My nomination for the most ruinous and ignorant act of all would go to J. Edgar Hoover, director of the Federal Bureau of Investigation. In August 1941, Hoover blew off evidence from a British MI5 double agent, Dusan Popov, that Japan was preparing a surprise attack on Pearl Harbor. Hoover, a prude, detested Popov, a high-stakes gambler and womanizer. Popov’s most famous conquest was Simone Simon, a kittenish French movie star now renowned by cinema buffs for her performance in “Cat People” of a young woman cursed by her inner panther and also for providing her lovers with gold keys to her boudoir.

Rather than pass Popov’s information to the president and military chiefs, Hoover threatened to arrest him under a federal law, the Mann Act, for transporting a woman across state lines (New York to Florida) for “purposes of debauchery.” That Popov’s paramour was a consenting adult mattered not to Hoover. Four months later, Japan killed 2,400 Americans and crippled our Pacific fleet at Pearl Harbor and proceeded to overrun most of the western Pacific and Southeast Asia.

All of these gentlemen were extolled during the war and long afterward. President Truman awarded Doolittle a Silver Star for, among other things, his “personal example” during the very time his hubris was endangering our invasion of Europe. Clark was awarded a Distinguished Service Cross, our second highest medal, by General Eisenhower. After Truman fired him for insubordination, MacArthur came home to a hero’s ticker tape parade in New York, an invitation to address a joint session of Congress, and beseeching from Republican leaders to run for president. Hoover led the F.B.I. until his death in 1972.

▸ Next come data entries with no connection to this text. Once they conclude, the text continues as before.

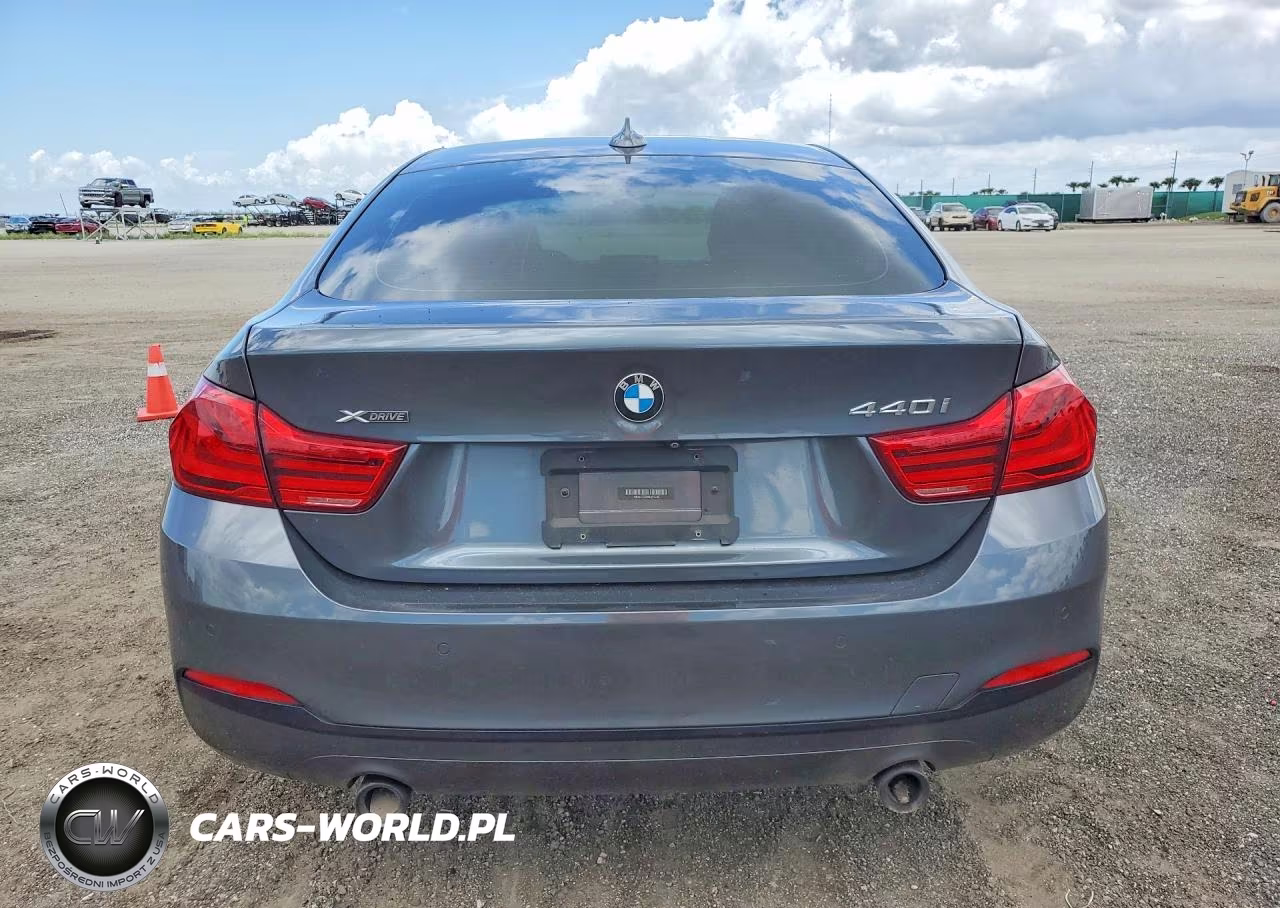 2019 BMW 440Xi Gran Coupe VIN:WBA4J7C55KBM75906 - 6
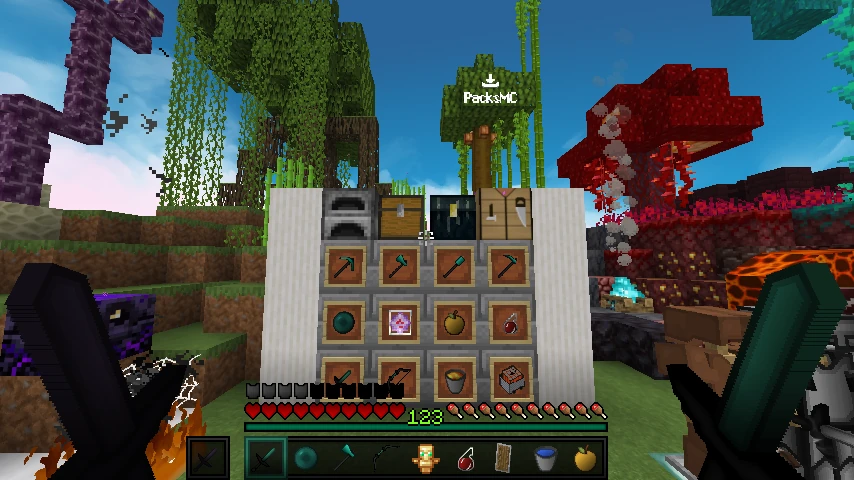 Infera V2 xd v1.21.10: showcase 5 of 5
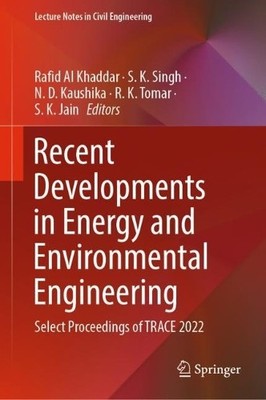 Recent Developments in Energy and Environmental Engineering - 9789819913879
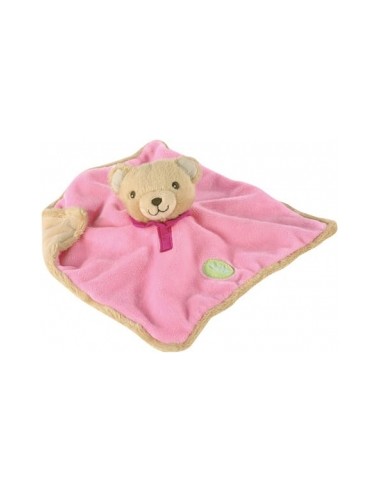 PIOUPIOU MERVEILLES Doudou plat ours...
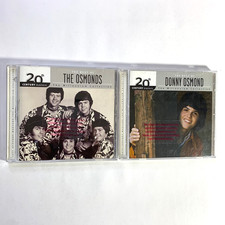 The Osmonds / Donny Osmond - Best of (2 CDs) - Millennium Collection, Promo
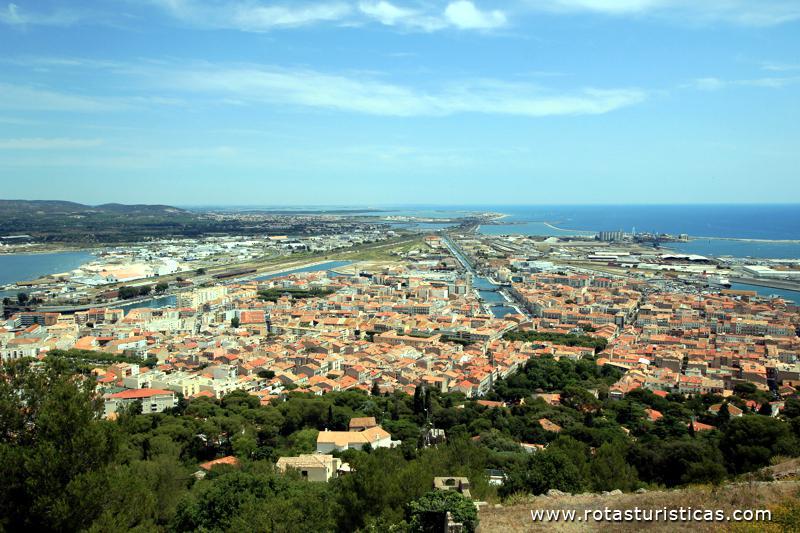 Vista de Sète, Sète, Hérault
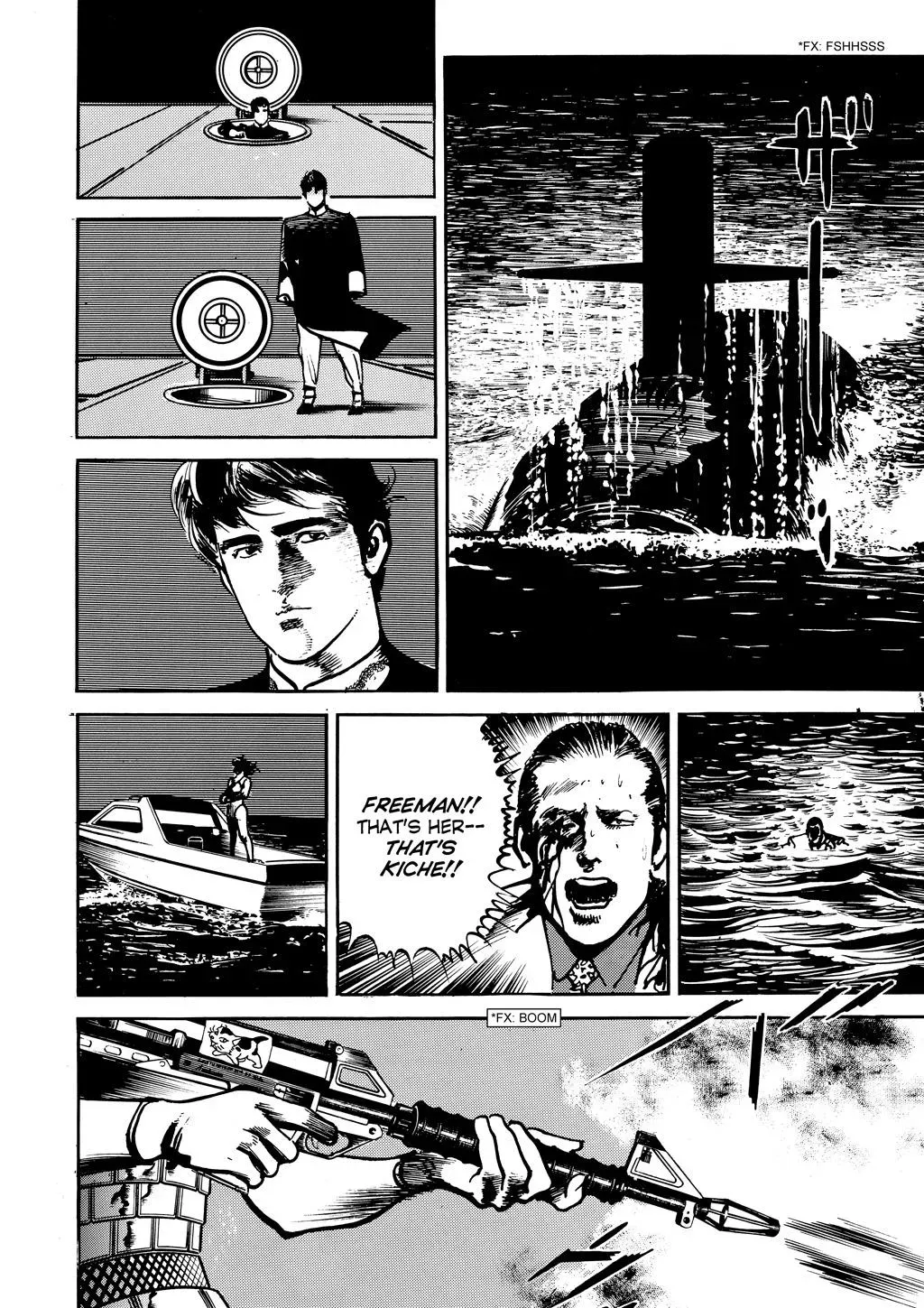 Read Crying Freeman chapter 32 image 19 on Lezhin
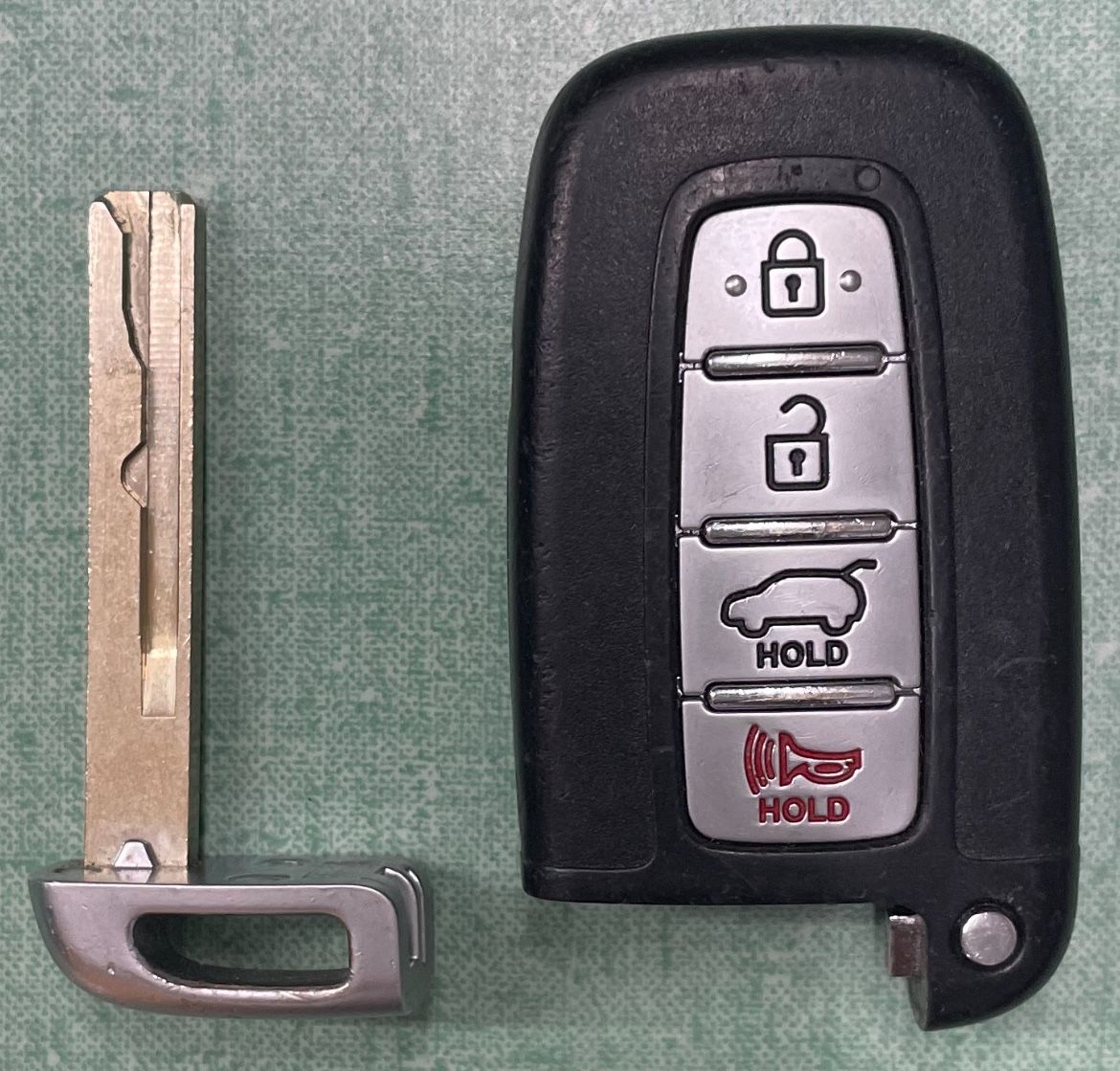 OEM “Hyundai” 4-Button Smart Key Fob Remote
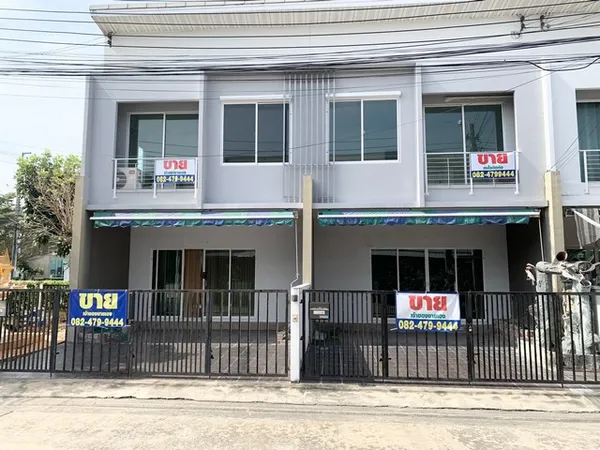 ขาย ทาวน์โฮม เดอะ พลีโน่ พระราม5 - ปิ่นเกล้า – The Pleno Rama 5 - Pinklao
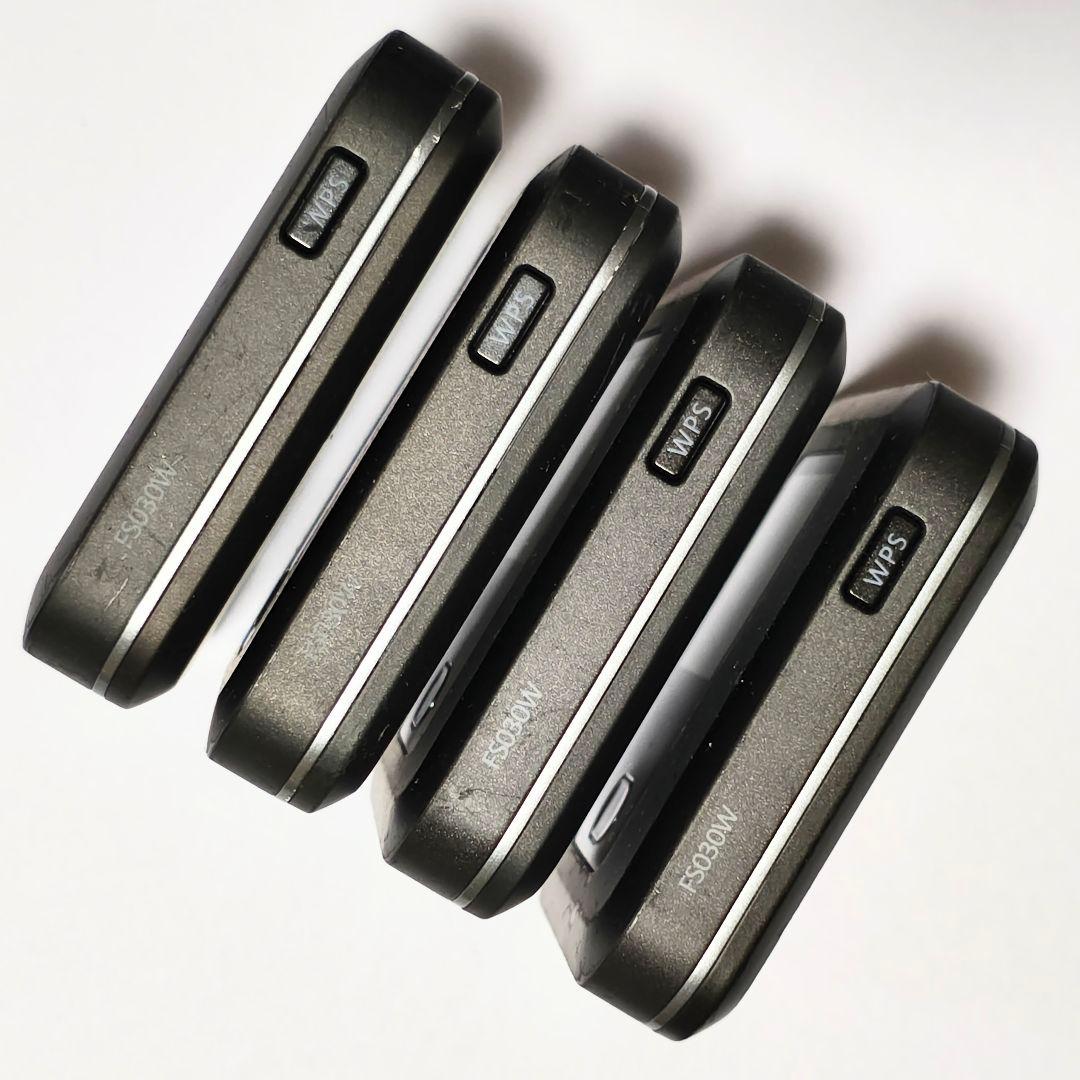 m4 FS030w 通受信正常 確認済 APN設定無料 V7.0.1裏蓋固定可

In tragic contrast, Alan Turing, the young English mathematician whose solving of Germany’s “ultra” code probably saved the war for us, was harassed by the British police because he was gay and in 1954 killed himself. The appropriate outcome was Popov’s, who became Ian Fleming’s model for James Bond.

If Vietnam, Afghanistan, and Iraq mean anything, we are no better at war now than in World War II. The greatest generation will be the one that finds peace.

Seventy years ago today, May 7, 1945, Germany’s armed forces surrendered to the Allies.

Richard Rosenthal served in the 1251st Combat Engineer Battalion during the Battles of the Rhineland and Central Europe. He lives in East Hampton.